ですので、近年ではこの通気層を設けることが主流となっています。
しかし、実際にはこの通気層、空間は設けているのに空気が流れないような状態に施工されている場合もあります。
そのような状態にならない施工であることが大切ですが、今回はそこ点については深く触れません。
この通気層、しっかり空気を流そうと思えば薄くしすぎると十分に空気が流れません。こちらの論文では、9mmとした場合と18mmにした場合の違いを比較しています。
日射量による温度上昇は通気量が少ない9mmで大きい
日本建築学会環境系論文集 第81巻 第729号 p951-959「通気層内温湿度変動の実態把握」
つまり、通気層が薄すぎると上手く空気が流れずにその分温度が上昇するのです。これは太陽からの熱による影響です。
外壁通気によって高い温度が和らぐ
先に紹介した論文では、この通気層における温度も計測しています。
これによると、夏場「外壁材表面温度」(上の図)は、外気温が35℃程度で50℃近い温度となります。(これを相当外気温と言います)つまり、外壁は太陽からの直射日光によって熱せられるので、外気温よりも高い温度となります。
もし、通気層が無いとこの50℃もの温度がそのまま家の中に入ってしまうのです。
反面、通気層がある場合はどうなるでしょうか?
「合板表面温度」(上の図)を見てみると、なんと 「外壁材表面温度」 が50℃の時に40℃程度まで下がっているのです。その差10℃もの差になります。
この状態が1日の内で2~3時間程度続くので、通気層がある場合と無い場合では、相当温度差があることになります。

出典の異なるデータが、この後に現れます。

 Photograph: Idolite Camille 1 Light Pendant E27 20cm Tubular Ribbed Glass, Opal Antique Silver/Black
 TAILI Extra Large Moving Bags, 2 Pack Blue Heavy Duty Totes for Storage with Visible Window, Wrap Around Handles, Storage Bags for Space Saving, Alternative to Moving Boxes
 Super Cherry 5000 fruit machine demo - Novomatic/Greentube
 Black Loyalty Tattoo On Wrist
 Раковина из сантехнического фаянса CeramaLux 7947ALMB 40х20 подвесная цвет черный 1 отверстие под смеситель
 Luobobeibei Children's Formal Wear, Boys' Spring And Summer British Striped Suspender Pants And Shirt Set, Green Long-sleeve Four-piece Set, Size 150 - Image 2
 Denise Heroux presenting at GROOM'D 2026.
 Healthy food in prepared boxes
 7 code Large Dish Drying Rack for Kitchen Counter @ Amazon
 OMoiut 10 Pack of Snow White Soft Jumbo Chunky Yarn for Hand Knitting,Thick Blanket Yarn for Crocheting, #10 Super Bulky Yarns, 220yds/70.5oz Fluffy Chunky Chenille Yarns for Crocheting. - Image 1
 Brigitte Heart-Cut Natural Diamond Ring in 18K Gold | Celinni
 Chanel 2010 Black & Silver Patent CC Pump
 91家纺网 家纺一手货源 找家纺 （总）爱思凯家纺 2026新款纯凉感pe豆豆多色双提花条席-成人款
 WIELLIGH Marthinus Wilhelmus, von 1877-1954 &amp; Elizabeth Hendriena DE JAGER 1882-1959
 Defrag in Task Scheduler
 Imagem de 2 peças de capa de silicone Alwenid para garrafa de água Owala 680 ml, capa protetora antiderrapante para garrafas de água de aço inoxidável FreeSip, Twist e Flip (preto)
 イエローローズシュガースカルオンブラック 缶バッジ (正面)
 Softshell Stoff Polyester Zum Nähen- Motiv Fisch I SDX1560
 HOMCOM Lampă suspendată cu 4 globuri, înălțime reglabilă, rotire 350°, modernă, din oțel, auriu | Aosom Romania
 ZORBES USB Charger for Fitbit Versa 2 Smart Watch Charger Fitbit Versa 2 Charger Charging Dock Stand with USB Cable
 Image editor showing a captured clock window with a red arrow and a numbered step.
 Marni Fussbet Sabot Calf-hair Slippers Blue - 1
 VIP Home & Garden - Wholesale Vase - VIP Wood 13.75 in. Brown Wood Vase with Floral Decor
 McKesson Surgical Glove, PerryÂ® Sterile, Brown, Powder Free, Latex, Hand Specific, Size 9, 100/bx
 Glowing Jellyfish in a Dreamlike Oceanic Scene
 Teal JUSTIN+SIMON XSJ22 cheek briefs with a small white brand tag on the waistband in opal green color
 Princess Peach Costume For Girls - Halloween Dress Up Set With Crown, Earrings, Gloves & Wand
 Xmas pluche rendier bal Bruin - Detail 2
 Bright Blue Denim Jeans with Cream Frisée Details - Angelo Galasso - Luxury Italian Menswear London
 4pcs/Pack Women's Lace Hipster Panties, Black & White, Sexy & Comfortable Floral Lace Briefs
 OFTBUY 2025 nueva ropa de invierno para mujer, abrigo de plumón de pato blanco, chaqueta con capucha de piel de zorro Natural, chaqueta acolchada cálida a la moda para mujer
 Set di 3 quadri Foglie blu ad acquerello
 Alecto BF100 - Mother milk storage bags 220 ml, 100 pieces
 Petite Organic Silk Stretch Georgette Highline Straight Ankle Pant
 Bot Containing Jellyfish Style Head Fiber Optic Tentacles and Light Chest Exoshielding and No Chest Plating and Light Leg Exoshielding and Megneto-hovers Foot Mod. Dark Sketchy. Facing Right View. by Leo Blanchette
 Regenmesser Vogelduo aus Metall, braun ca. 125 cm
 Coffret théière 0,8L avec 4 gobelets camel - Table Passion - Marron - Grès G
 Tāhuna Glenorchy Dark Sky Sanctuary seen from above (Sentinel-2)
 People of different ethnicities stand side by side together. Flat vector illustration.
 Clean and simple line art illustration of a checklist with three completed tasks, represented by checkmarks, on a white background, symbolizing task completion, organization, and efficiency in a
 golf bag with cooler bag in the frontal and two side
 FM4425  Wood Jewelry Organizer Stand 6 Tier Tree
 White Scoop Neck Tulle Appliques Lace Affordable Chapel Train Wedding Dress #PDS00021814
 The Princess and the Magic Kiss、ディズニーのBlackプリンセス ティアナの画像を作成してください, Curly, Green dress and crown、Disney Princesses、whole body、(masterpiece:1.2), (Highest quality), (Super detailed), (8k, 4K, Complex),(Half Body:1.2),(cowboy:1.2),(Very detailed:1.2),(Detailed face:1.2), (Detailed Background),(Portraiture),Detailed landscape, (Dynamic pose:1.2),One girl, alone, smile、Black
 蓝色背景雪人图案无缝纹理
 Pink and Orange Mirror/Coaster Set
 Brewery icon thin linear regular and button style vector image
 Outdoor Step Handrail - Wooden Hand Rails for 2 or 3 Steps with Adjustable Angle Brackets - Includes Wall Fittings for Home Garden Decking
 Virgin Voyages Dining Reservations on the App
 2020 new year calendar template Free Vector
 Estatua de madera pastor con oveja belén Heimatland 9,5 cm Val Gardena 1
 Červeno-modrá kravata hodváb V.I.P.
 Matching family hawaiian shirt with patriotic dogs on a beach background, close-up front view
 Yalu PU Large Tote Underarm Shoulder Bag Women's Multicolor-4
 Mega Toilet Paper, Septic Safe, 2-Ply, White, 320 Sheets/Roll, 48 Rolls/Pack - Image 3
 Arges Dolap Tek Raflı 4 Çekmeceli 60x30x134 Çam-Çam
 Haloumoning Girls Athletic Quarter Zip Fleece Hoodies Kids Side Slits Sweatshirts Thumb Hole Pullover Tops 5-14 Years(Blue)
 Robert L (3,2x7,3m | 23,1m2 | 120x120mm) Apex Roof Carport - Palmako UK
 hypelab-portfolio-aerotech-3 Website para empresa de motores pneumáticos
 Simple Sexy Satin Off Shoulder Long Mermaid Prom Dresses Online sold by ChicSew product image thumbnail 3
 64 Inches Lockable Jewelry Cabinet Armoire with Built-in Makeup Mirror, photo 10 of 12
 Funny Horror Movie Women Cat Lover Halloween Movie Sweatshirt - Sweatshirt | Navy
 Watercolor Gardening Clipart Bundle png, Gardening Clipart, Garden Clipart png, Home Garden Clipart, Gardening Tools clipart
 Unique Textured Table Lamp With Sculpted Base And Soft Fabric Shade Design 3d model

つまり、通気層によって大きく温度を下げることが可能なのです。
外壁通気による温度低下はバランスがとても良い
そして、この外壁通気の都合が良いところは日射の影響が少なくなり、外気温が25℃程度まで下がると、 「外壁材表面温度」 と 「合板表面温度」 の差が殆ど無くなるのです。
これは非常にバランスが良く、冬場に 「外壁材表面温度」 がそれほど高く上がらなければ、 「合板表面温度」 との差が小さくなり、冬場に損することが少なくなるのです。
以上から、夏場に適切な遮熱を行うための第一歩として、外壁通気を適切に設けることは非常に有効であることが分かります。
外壁通気での留意事項
外壁通気は遮熱上都合の良い効果が表れますが、その効果の大小は風による影響も大きくあります。もし、日当たりが良くて外壁に日が沢山当たるのであれば可能なだけ、建物に風が当たることが望ましくなります。
しかし、こちらも冬場に風が当たりすぎると寒くなりすぎるので、夏場の風向きと冬場の風向きの違いも考慮してやるとより良い設計となります。